Interesting. I was screwing around with a newbie diver friend recently and showing off my sidemount shotgunning skills. This reg spun 180° when I did that, something that hasn't happened before, but definitely seems like twisting under pressure.
This seems to hint at an alternate explanation, but is not very conclusive either.
 
I dive DIN almost exclusively -- almost cannot recall the last time I attached a yoke, and have yet to loosen a properly-torqued valve stem, over thousands of dives.

This incident in Tahoe simply resulted from piss-poor quality control from the manufacturer, given its age and usage (just a few months, it was claimed); and something that has been brought up on a number of threads, over, sadly, a number of brands.

When I worked at a shop, years ago, there had been a time when regulators, across several major brands, were seldom ever torqued to specifications; and it was often the newbie's responsibility to ensure that that was taken care of -- one of the few drawbacks to online purchases, these days.

You never know.

I don't know whether I would have used that regulator with just a hand-tightened connection stem, especially after difficulty seating it -- on a dive which was likely to involve obligative decompression stops; but it was a credit to @Thrutch that there wasn't any panic and he remained safe.

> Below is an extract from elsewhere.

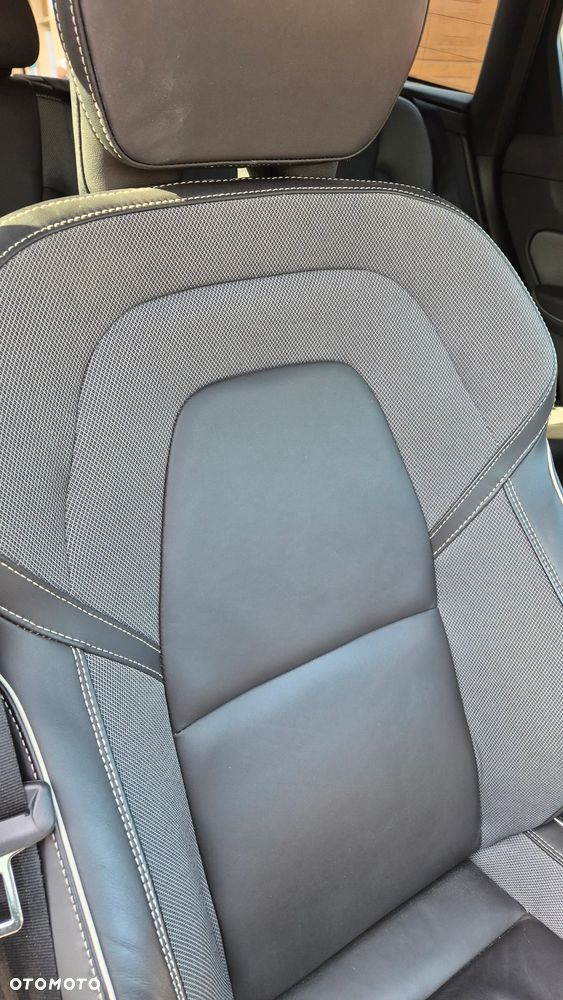 Volvo XC 60 - 16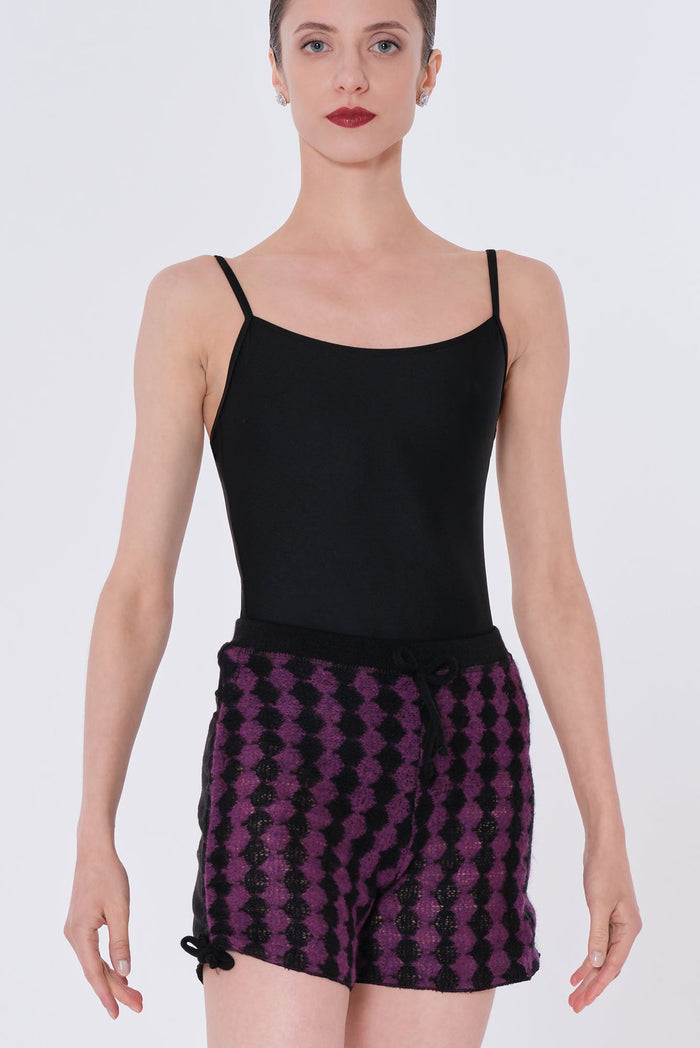 #couleur_black / purple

Keeping this account, though from his "understanding wife" would be the most intelligent course of behavior, aside from purchasing a torque wrench . . .
I torque mine to spec every time I rebuild the 1st stage and the valve stem still comes loose occasionally.
 
Sounds like hand tightening was enough to prevent leaking initially but not enough after some movement that loosened the connection or temperature change may be a factor.

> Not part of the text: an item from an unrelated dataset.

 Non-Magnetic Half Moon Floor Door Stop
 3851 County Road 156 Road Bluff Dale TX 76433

Cold, contracting metal parts, could be from air expansion as you inhale allowing a leak at the connection. When not used, metal returns to ambient temp and expands preventing the leak.

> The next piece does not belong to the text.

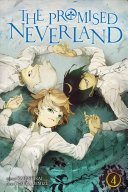 The_Promised_Neverland__Vol__4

As mentioned above, root cause of your problem was either inadequate torque when the reg was assembled or twisting of regulator body when on a tank that loosened the connection.
 
I don't see how you could possibly know this is true (or not true) based on the info from OP.
Well, let's see: a relatively new regulator -- characterized as only being "months old" -- whose connection stem had already come loose and required hand-tightening for it to even properly seat.

Many manufacturers call for a 30 nm (a bit over 22 foot pounds) torque setting on the connection or "valve stem" -- that is damn tight on soft brass if done properly; and in over four decades in the water, I have yet to experience any loosening issue of that nature.

If you're hand-tightening anything, aside from a DIN wheel, that is nowhere near specs.

Provided that @Thrutch wasn't futzing with it himself (and that doesn't appear to be the case, according to his account) -- it, in all likelihood, came from the factory in that condition, since there was no reason, it being new, to even have it serviced or mishandled by, say, a shop; and I have seen enough gaffes like that over the years -- new equipment, right out of the box, little set to specs -- to suggest that that could very well be the case . . .
 
...Provided that @Thrutch wasn't futzing with it himself (and that doesn't appear to be the case, according to his account)...
Except he was futzing with it: specifically, rotating the regulator while under pressure (that was mentioned in a separate post, so you may not have noticed).

I torque mine to spec every time I rebuild the 1st stage and the valve stem still comes loose occasionally.
And here is a definite example of just such a thing happening on a properly torqued regulator, in a separate post he says this occurs when rotated on pressure.

I'm not saying your wrong. Just that you are jumping to conclusions, and exposing a bias.
 
Except he was futzing with it: specifically, rotating the regulator while under pressure (that was mentioned in a separate post, so you may not have noticed).
Fair, but I wouldn't call shotgunning a tank futzing with the regulator. If anything, this makes me wonder if the reg rotating in that fairly regular use case was the first indication it was coming loose.